Jon McMillion inaugurates the boutique Nuearth Kitchen label with a fabulous collection of experimental dance-based music. Though McMillion (aka Wig Water Magic) has been producing electronic music for over fifteen years (and issuing it on quality labels like Orac, Adjunct, and Trapez), Jon McMillion LP is in fact his debut artist album. If the recording's title seems a tad unimaginative, its musical contents are anything but. McMillion masterfully weaves a plenitude of vocal samples, beats, and left-field sound design into fresh tracks that are tripped-out and head-spinning to say the least (the classically trained musican uses live drums, bass, piano, and guitar throughout the album). The collection is a sprawling affair of fifteen tracks, though the total number is different depending on format, with six and two tracks exclusive to the digital and CD formats, respectively. Taken as a whole, the release accounts for over two hours' worth of music, so there's a lot to dig into but all of it's worth one's time. Many tracks are in the eight-minute range but McMillion avoids repetition by infusing the tracks with a dizzying flow of invention and ideas.

The phantasmagoric “Groundmen” is representative of the material's dense character in its aquatic rush of soul vocal and spoken word samples, jacking house and rubbery bass pulses, and jazzy electric piano and electric guitar figures.
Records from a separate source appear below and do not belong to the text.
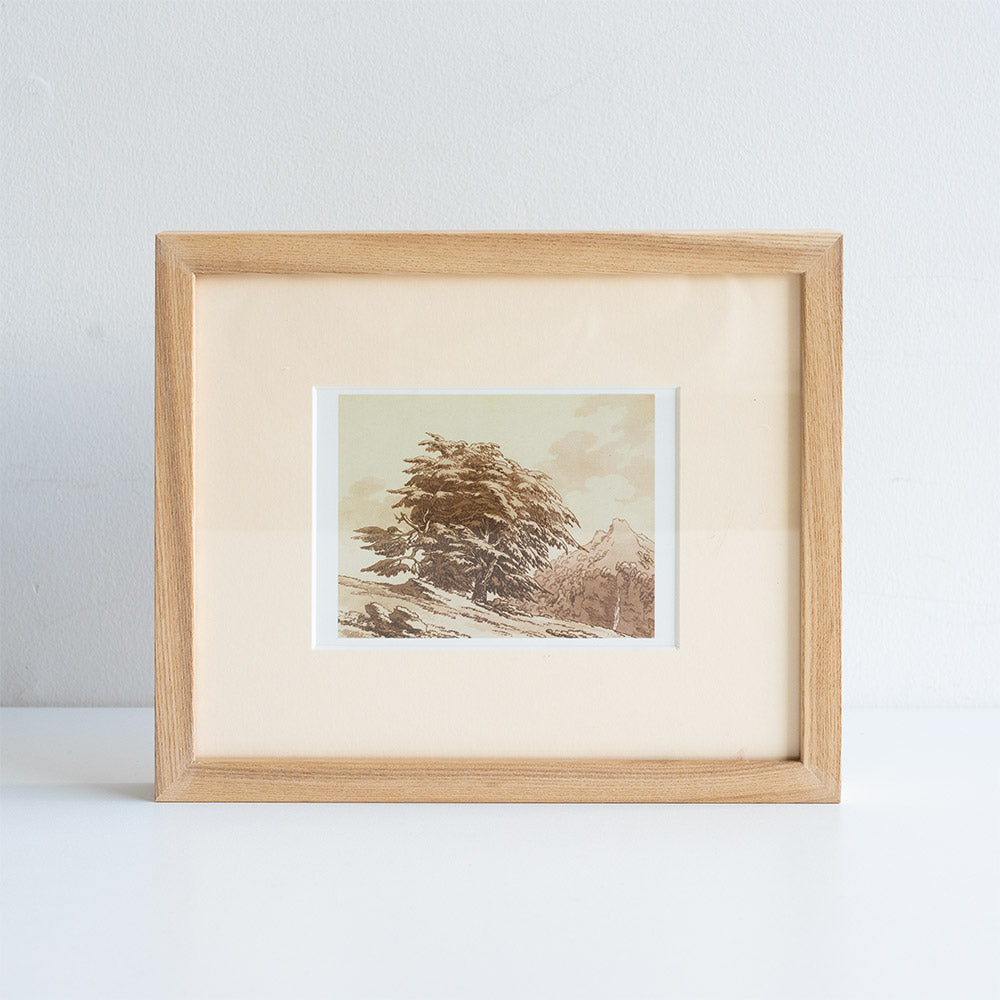 Framed artwork of a landscape with a tree on a white background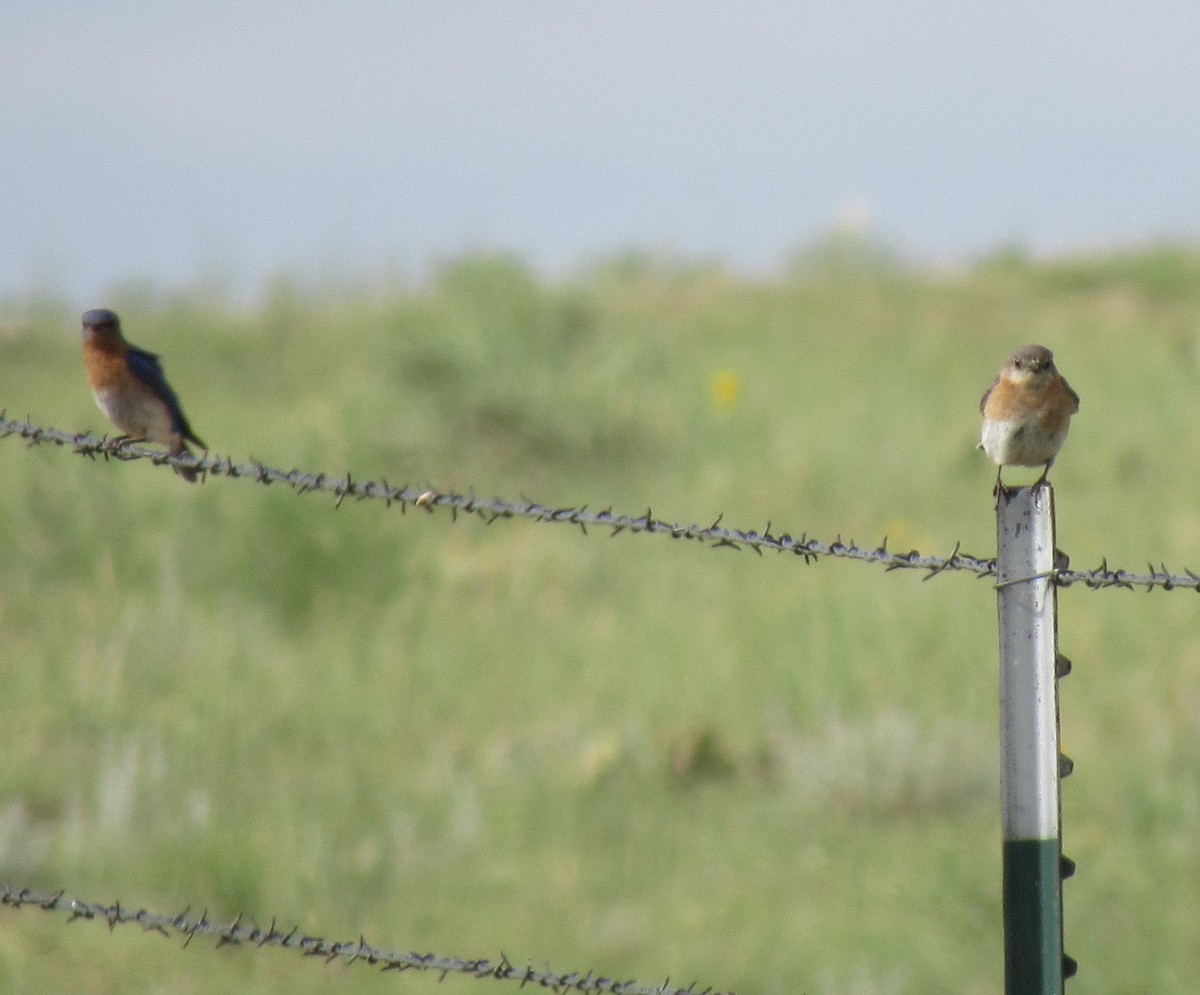 Eastern Bluebird - The Vermont Birder Guy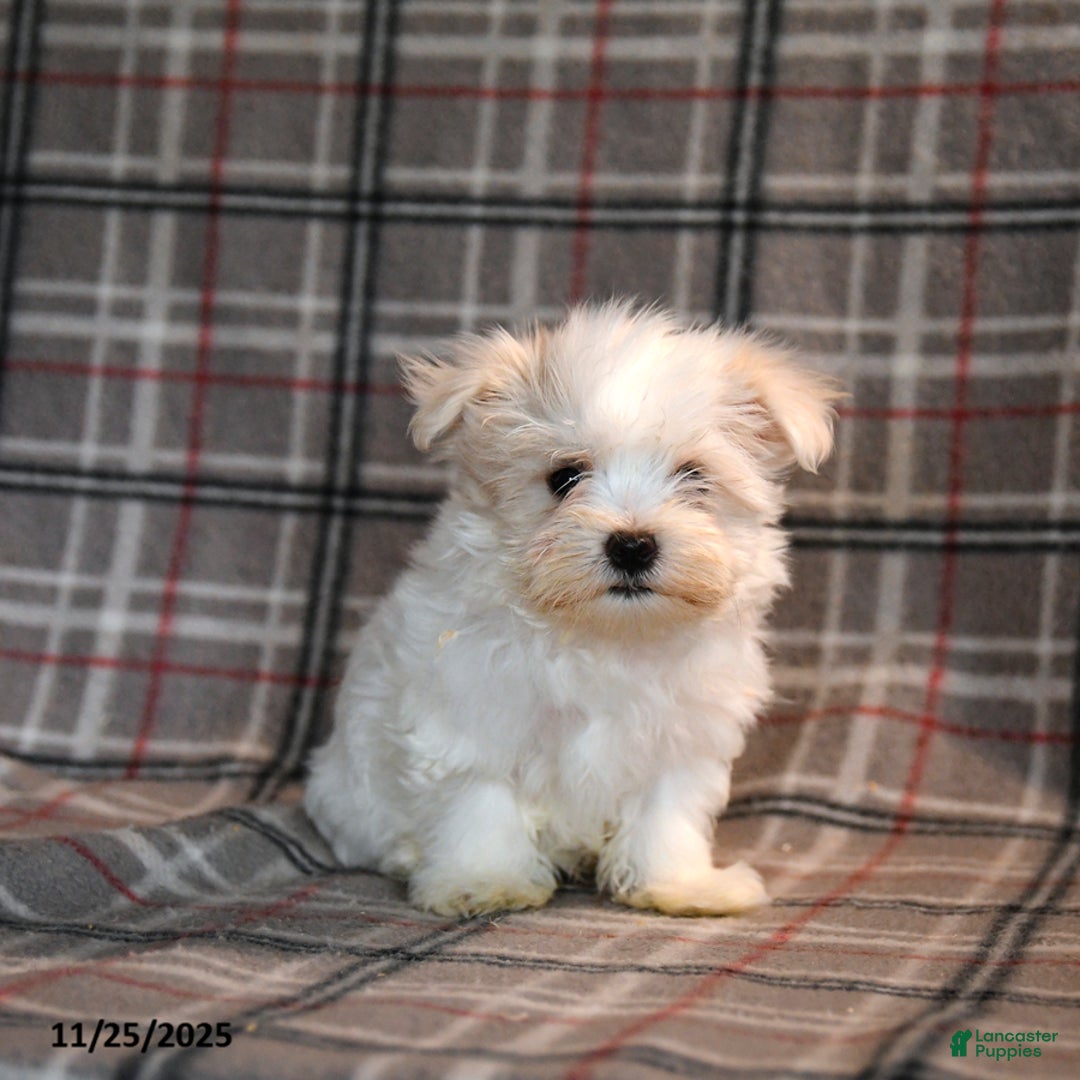 Maltese dogs for sale: Rupert - Ad 4
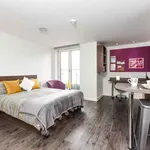 Rent 1 bedroom student apartment of 25 m² in Sheffield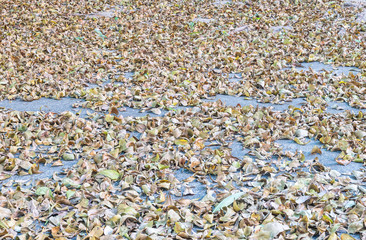 Closeup dirty cement pathway with fallen leaves textured background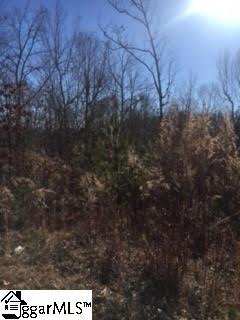 0 Bolding Road Liberty, SC 29657 - Photo 4 of 5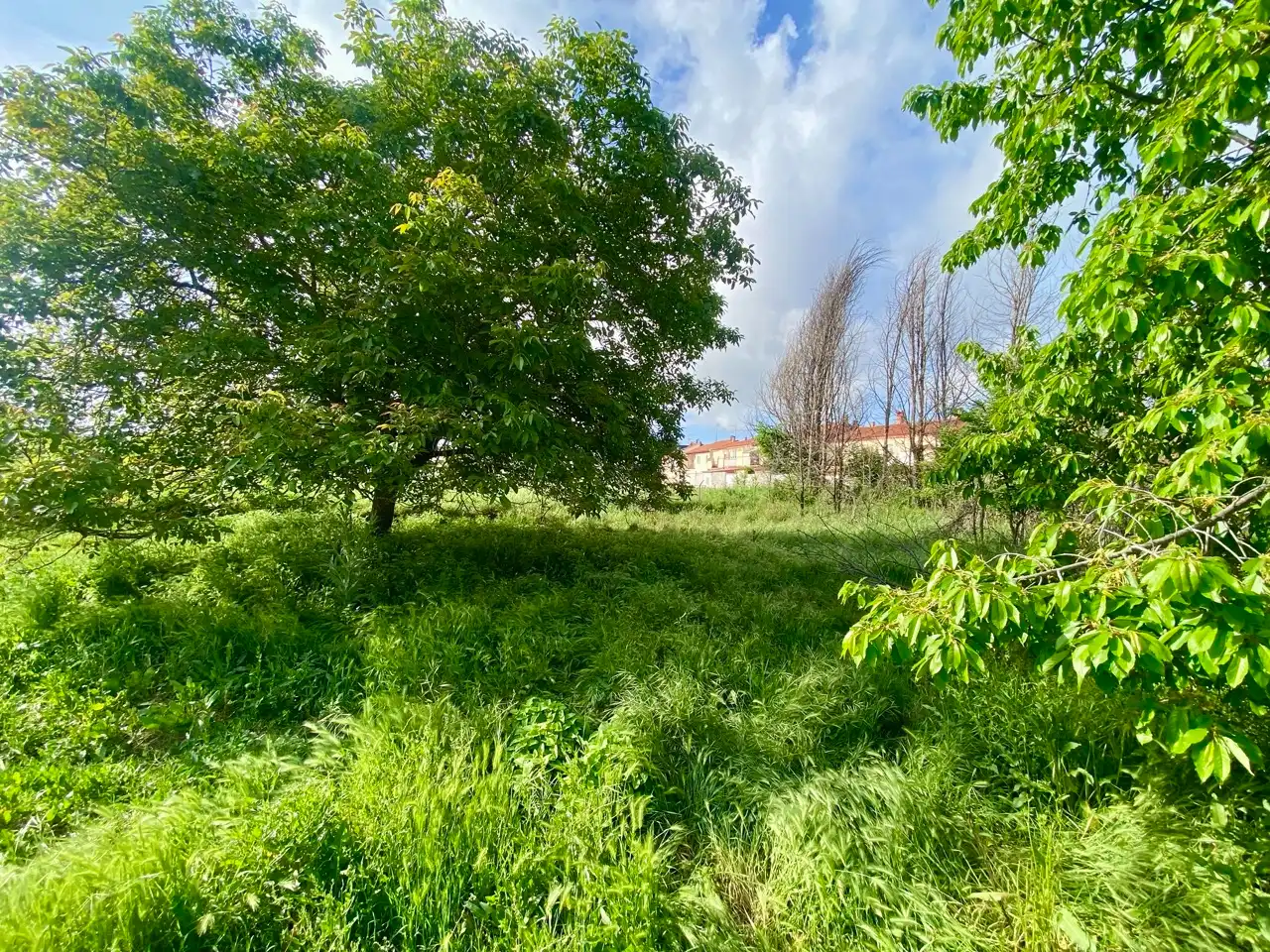 Casa o chalet en venta en Corral de Calatrava con Aire acondicionado, Calefacción y Jardín privado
Spurred on by a constant flow of invention, the track never loses steam despite tipping the scales at nine minutes. The title “I Can Feel It” might invoke associations with standard house music, but the track turns out to be a marvel of experimental design when McMilion sprinkles fragments of voices and instrument sounds throughout the mix. The way McMillion arranges the multiple snatches of vocal motifs in “Talking to the Night” calls to mind the similarly innovative approach Akufen brought to My Way (McMillion even sneaks in a guitar solo along the way). Traces of ‘70s disco and funk surface amidst the warm shimmer of “Rotobaby” and its lightly swinging blend of triangles, congas, and handclaps. One shouldn't overstate the abstract dimension too much, however. McMillion's not averse to body music's sensual charms, as the strutting house-funk groove powering “In Closing” and the pumping robo-funk drive of “Silvio” make clear. Also memorable are “Mane,” with its latin-funk swing and sparkle; “Sung Me Yup,” a blend of starry-eyed space-dub and transporting future-funk; and “Saw You Looking Up (Stop and Go),” an alluring house jam with a soulful edge.

Informed by dance music strategies associated with house, techno, and funk but hardly contained by them, McMillion's vision is too grand to be held captive by the conventions that others are only too eager to embrace. Producing material so idiosyncratic and left-field means that he'll probably never be the most popular electronic dance music artist—but that's a good thing, artistically speaking, and for listeners too. It's advanced and esoteric music—cerebral techno, if you will—that's satisfying for the mind and body.